**Task item**
Starting at the first line of the entries below, output every line exactly, up to and including the line with "Logo Design by".

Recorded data
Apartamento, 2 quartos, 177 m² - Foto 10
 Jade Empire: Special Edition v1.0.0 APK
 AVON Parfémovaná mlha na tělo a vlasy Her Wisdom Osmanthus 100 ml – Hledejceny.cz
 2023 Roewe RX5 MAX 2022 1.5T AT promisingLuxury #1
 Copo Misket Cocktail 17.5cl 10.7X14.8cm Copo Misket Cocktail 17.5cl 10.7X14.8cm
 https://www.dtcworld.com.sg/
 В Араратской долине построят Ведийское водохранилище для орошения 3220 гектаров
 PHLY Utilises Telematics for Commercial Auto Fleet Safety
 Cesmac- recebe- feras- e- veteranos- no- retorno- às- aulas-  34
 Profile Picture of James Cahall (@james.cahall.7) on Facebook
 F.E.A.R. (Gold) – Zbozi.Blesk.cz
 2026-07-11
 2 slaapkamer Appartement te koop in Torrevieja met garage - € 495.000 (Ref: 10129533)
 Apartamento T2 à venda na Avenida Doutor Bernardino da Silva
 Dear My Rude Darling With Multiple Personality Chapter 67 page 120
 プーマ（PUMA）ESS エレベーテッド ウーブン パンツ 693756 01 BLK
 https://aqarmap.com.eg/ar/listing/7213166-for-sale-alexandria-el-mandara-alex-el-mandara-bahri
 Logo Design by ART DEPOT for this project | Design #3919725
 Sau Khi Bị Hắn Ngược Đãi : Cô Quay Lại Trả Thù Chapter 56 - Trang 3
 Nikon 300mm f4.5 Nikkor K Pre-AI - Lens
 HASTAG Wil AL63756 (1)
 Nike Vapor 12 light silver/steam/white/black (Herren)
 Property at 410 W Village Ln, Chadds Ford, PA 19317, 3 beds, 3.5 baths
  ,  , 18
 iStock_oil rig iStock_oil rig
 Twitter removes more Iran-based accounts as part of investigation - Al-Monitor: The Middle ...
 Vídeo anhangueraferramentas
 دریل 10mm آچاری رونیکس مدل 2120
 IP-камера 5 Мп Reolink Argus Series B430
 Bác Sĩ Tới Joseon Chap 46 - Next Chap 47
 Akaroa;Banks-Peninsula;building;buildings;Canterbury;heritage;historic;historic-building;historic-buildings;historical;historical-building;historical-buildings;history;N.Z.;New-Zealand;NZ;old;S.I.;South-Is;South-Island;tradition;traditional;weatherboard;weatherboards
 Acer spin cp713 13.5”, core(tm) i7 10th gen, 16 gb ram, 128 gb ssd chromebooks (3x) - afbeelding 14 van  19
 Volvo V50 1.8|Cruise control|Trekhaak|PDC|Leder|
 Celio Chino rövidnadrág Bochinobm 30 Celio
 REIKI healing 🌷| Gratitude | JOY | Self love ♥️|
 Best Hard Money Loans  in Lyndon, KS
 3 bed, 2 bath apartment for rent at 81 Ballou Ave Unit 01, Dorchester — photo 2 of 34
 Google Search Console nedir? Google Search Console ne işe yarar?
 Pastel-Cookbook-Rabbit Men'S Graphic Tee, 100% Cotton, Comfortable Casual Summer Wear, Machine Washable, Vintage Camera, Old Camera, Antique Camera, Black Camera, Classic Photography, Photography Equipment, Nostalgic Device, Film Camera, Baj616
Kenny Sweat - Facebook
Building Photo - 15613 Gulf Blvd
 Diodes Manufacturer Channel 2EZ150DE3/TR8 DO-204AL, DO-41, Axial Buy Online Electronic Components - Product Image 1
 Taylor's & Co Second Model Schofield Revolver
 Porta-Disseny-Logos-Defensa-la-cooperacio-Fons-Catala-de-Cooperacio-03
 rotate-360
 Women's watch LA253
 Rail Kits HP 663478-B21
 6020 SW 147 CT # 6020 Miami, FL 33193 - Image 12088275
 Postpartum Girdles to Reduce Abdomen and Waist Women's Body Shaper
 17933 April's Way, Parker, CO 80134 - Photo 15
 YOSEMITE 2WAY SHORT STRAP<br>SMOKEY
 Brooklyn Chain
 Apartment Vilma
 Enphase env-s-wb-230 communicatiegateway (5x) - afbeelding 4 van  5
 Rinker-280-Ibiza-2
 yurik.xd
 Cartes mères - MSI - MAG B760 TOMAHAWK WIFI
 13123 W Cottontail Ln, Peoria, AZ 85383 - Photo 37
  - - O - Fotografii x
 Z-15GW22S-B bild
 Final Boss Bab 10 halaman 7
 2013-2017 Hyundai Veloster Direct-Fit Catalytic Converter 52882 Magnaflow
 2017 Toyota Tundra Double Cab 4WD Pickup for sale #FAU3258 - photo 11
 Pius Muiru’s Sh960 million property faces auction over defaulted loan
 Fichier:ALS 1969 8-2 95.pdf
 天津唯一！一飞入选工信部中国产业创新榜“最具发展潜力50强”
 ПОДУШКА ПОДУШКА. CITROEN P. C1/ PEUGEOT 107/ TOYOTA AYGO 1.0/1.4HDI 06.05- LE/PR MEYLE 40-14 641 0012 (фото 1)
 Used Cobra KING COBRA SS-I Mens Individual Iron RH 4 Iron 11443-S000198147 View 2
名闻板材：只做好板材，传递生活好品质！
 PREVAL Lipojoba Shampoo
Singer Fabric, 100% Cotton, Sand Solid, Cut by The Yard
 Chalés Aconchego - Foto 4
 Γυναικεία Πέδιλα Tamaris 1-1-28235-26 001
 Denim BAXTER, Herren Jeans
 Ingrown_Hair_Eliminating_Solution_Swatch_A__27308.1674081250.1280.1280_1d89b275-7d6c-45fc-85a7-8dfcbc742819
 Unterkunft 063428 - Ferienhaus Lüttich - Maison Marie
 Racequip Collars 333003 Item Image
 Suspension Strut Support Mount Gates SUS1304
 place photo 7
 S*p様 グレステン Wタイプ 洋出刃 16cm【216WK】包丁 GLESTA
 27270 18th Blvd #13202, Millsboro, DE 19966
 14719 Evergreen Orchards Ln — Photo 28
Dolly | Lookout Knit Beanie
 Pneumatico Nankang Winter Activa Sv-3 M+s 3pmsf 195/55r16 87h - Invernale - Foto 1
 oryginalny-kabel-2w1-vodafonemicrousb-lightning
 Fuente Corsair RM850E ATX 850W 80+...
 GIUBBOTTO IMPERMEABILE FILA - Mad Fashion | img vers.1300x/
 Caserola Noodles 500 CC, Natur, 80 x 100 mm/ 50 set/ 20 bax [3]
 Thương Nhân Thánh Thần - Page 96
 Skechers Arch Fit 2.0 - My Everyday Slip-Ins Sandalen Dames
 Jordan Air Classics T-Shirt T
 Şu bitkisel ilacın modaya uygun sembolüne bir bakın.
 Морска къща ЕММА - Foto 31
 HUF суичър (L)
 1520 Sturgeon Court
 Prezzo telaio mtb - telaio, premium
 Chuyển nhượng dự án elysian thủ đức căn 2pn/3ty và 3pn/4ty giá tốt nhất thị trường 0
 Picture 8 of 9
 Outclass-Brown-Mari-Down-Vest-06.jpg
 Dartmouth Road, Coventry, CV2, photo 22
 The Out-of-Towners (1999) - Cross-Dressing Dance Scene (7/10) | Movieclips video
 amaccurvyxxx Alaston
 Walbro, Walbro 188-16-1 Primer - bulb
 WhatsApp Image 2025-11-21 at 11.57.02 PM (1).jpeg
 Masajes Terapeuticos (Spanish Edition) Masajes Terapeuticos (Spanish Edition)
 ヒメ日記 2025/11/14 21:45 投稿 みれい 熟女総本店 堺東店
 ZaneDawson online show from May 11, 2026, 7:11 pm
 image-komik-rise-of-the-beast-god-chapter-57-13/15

**Worked solution**
Apartamento, 2 quartos, 177 m² - Foto 10
 Jade Empire: Special Edition v1.0.0 APK
 AVON Parfémovaná mlha na tělo a vlasy Her Wisdom Osmanthus 100 ml – Hledejceny.cz
 2023 Roewe RX5 MAX 2022 1.5T AT promisingLuxury #1
 Copo Misket Cocktail 17.5cl 10.7X14.8cm Copo Misket Cocktail 17.5cl 10.7X14.8cm
 https://www.dtcworld.com.sg/
 В Араратской долине построят Ведийское водохранилище для орошения 3220 гектаров
 PHLY Utilises Telematics for Commercial Auto Fleet Safety
 Cesmac- recebe- feras- e- veteranos- no- retorno- às- aulas-  34
 Profile Picture of James Cahall (@james.cahall.7) on Facebook
 F.E.A.R. (Gold) – Zbozi.Blesk.cz
 2026-07-11
 2 slaapkamer Appartement te koop in Torrevieja met garage - € 495.000 (Ref: 10129533)
 Apartamento T2 à venda na Avenida Doutor Bernardino da Silva
 Dear My Rude Darling With Multiple Personality Chapter 67 page 120
 プーマ（PUMA）ESS エレベーテッド ウーブン パンツ 693756 01 BLK
 https://aqarmap.com.eg/ar/listing/7213166-for-sale-alexandria-el-mandara-alex-el-mandara-bahri
 Logo Design by ART DEPOT for this project | Design #3919725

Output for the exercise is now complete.